Your Favourite Conspiracy Sucks

The truth is out there! No, really, it is. We all have access to the truth. And that’s the truth. Happily there’s now a mathematical formula to show just how long a genuine conspiracy can be kept secret. And it’s not good news for chemtrail kooks, 9/11 nutters and NWO/Bildeberg believers.

Last night I watched the first episode of the new X Files. It’s pretty good and it got me thinking. The show naturally had some catching up to do and had to cram references to the previous series along side machine gun fast name dropping of the conspiracies that have flooded the interwebs since the original X Files finished in 2002.

There’s some doozies of course, but the big daddy is still 9/11. 15 years on, there’s still no evidence found that contradicts the facts of that crime. But it doesn’t stop people believing that there must be more to it than a simple and brutally executed plan carried out by people not afraid to die. Personally, I’ve always thought there was more than a hint of racism at the heart of the 9/11 truth rejection movement; how could a bunch of Arabs pull this off? But they did and that’s an end to it.
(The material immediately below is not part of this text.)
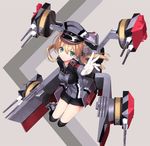  black_legwear black_skirt blonde_hair blue_eyes blush gloves hat highres iron_cross kantai_collection kneehighs long_hair long_sleeves machinery military military_uniform naruse_hirofumi outstretched_arm peaked_cap prinz_eugen_(kantai_collection) skirt smile solo turret twintails uniform white_gloves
But why do people believe conspiracy theories? TS readers have probably encountered the concept of confirmation bias. That’s when we interpret information based on what we hope to find. We ‘see’ only stuff that confirms what we already believe. But there’s also a couple of other related tricks of the mind that lead us to confuse fiction for fact.

The intentionality bias is the sense that any event, no matter how random, is planned. There are no accidents, no serendipity allowed. If something happens I don’t like, it was deliberate, dammit!

My favourite misconception is the proportionality bias, in which we are fooled into thinking that big, bad outcomes must have big, bad causes. This is the illogic that drives the 9/11 truth deniers. That was such a stunning, unforgeable event that a small proportion of people cannot accept that it only took a couple of dozen religious ideologues to carry it out.

So, where does maths fit in?

Dr David Grimes of Oxford University has come up with a formula that shows the likelihood of success for different conspiracies. Grimes’ method adds in the total number of conspirators, the length of time, potential leaks and the effects of conspirators dying over time.

Grimes calculated that hoax moon landings (410,000 conspirators) would have been revealed in three years eight months. Climate change fraud (405,000 in the know), the supposed cover up of unsafe vaccinations (22,000 medical staff) and a suppressed cancer cure (714,000 people) would all fall apart in just over three years.

“My results suggest that any conspiracy with over a few hundred people rapidly collapses, and big science conspiracies would not be sustainable,” Grimes said in an interview in the Guardian.

Grimes also reverse engineered conspiracies. He has looked at the maximum number of people who could take part in a conspiracy with the expectation that it would stay secret. For a conspiracy to last five years, the maximum number of baddies is 2,521. To last ten years, fewer than 1,000 people can be in on the scam. To last a century, a plot needs fewer than 125 collaborators.

Grimes also points out the downside to the delusions, saying

“While daft notions on moon landings may be harmless, with climate change it can mean we sleepwalk into damaging inertia.”

Exactly. Instead of working for positive change, we can get sucked into the way easier world of fantasy.

The simple truth is that humans are rubbish at keeping secrets. There are whistleblowers everywhere, and disgruntled ex-employees only too happy to shop the boss and even ex partners with a point to prove. The US government, often the focus of modern conspiracy theories, is completely hopeless at stopping employees and contractors from releasing their secrets.

Mind you, it’s odd that with all the data at their disposal, Snowden, Manning and the dozens of others who have turned over Government info haven’t turned up anything incriminating about 9/11. Or perhaps they’re in on it?

So what’s the point of this post? Well, in a sense, it’s a plea for tolerance. It’s understandable that people get confused about the complexities of our increasingly globalised world. And the speed and depth of the internet allows any old tosh to propagate rapidly. It’s literally minutes after a news report of a bomb going off before the first mad claims about false flags hit the net. That’s sad for the believers and disrespectful to the victims, but that’s the world we live in now.

And if you want to know how the world really works, read some Marx. Or some Owen Jones if you prefer.

At least now you know the truth. That’ll help. And keep reading the Standard; we’ll never lie to you.

And one more thing: the red pill and the blue pill are exactly the same. Fact!